关灯
护眼
    所有大臣们的目光都绷紧了,因为接下来王烈的动作,可能事关他们的生死。

    如果王烈一举推开压在通往外界节点的【海镂陨石】,那么遥远的遥远,那位曾经打败过他们先古帝王的混沌帝,可能就会觉察到他们的踪迹,然后追赶过来,斩草除根,以绝后患。

    轻微摇摆的深黄色铜铃,在王烈的耳边撞来撞去,发出清脆的丁零声。他脚底下像波浪一样起伏的火焰,绕着六角亭的三层台阶燃烧着。
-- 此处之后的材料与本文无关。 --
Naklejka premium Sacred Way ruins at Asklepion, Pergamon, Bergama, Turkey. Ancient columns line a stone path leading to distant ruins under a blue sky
一阵阵凉爽的清风拂过王烈的脸颊。

    四四方方鲜红的木箱稳稳坐在王烈的面前,上面雕刻的封印经文,上次距离活人这么近,估计还得追溯到近一千年前。

    孙玲玲捏着一把火,她的心里很纠结。既希望王烈不要打开那道封印,不要离她而去;又希望他能够成功,挣脱束缚自己命运的枷锁。

    火帝此时的心情更复杂,随着王烈距离【海镂陨石】越来越近,他后悔的心绪在胸腔里不断膨胀。

    万一真的王烈推开了【海镂陨石】怎么办?自己作为这一代火帝,真的有能力带领族人去和混沌帝抗衡吗?

    他难以想象自己,竟然在内心开始祈祷,祈祷王烈不要推开那块石头。

    王卓站在火帝的身后,他明白自己这个弟弟的脾性,以及他能拥有的巨大潜力。对他而言,他马上就要是第十四代火帝了,按理说,维持和平稳定的局势,对他只有利没有害。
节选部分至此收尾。